Return all entries verbatim; skip any pictures.

* [Source information]:
*** Begin section ***

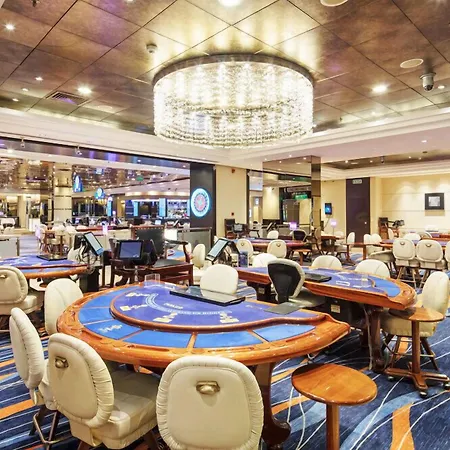 Merit Park & Casino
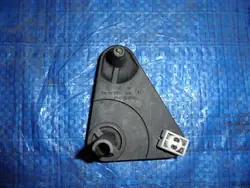 Volkswagen OE Vaihteiston Palautusvipu 7H0711202F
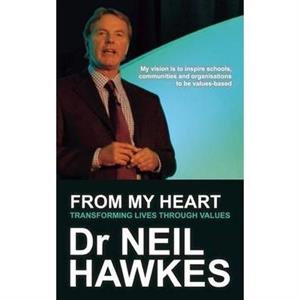 From My Heart by Neil Hawkes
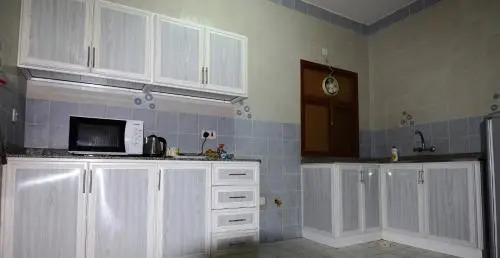 Al Hedayet International Hotel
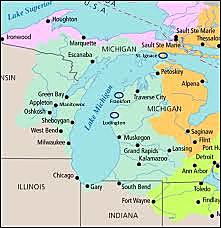 Louis Joliet and Jacques Marquette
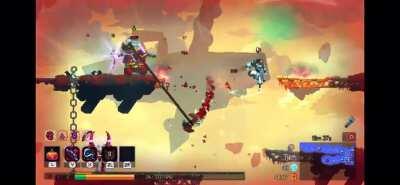 A series of unfortunate events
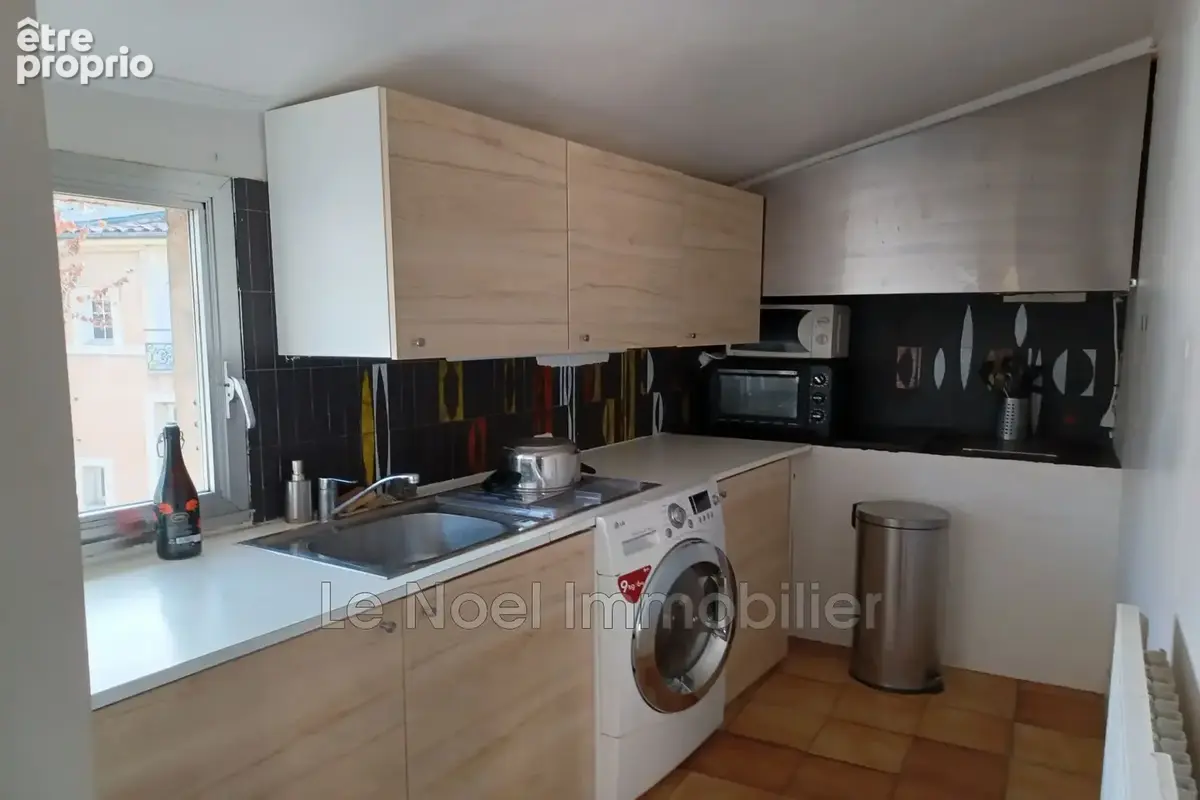 Appartement 2 pièces 56 m² à vendre à Aix-En-Provence (13100) - photo 4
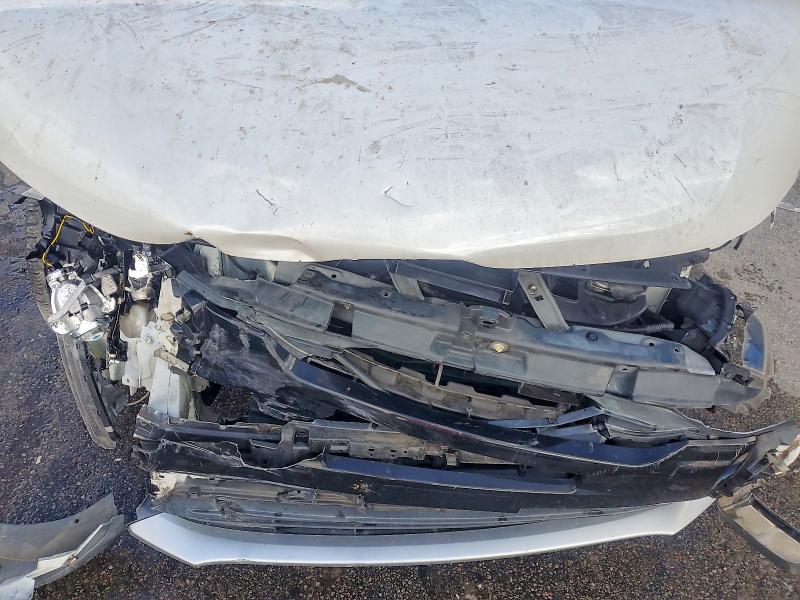 63740406 :رقم المزاد ، JA4AD3A36HZ057436 vin ، 2017 Mitsubishi Outlander مزاد بيع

*** End section ***

* [Exercise output]:
 Merit Park & Casino
 Volkswagen OE Vaihteiston Palautusvipu 7H0711202F
 From My Heart by Neil Hawkes
 Al Hedayet International Hotel
 Louis Joliet and Jacques Marquette
 A series of unfortunate events
 Appartement 2 pièces 56 m² à vendre à Aix-En-Provence (13100) - photo 4
 63740406 :رقم المزاد ، JA4AD3A36HZ057436 vin ، 2017 Mitsubishi Outlander مزاد بيع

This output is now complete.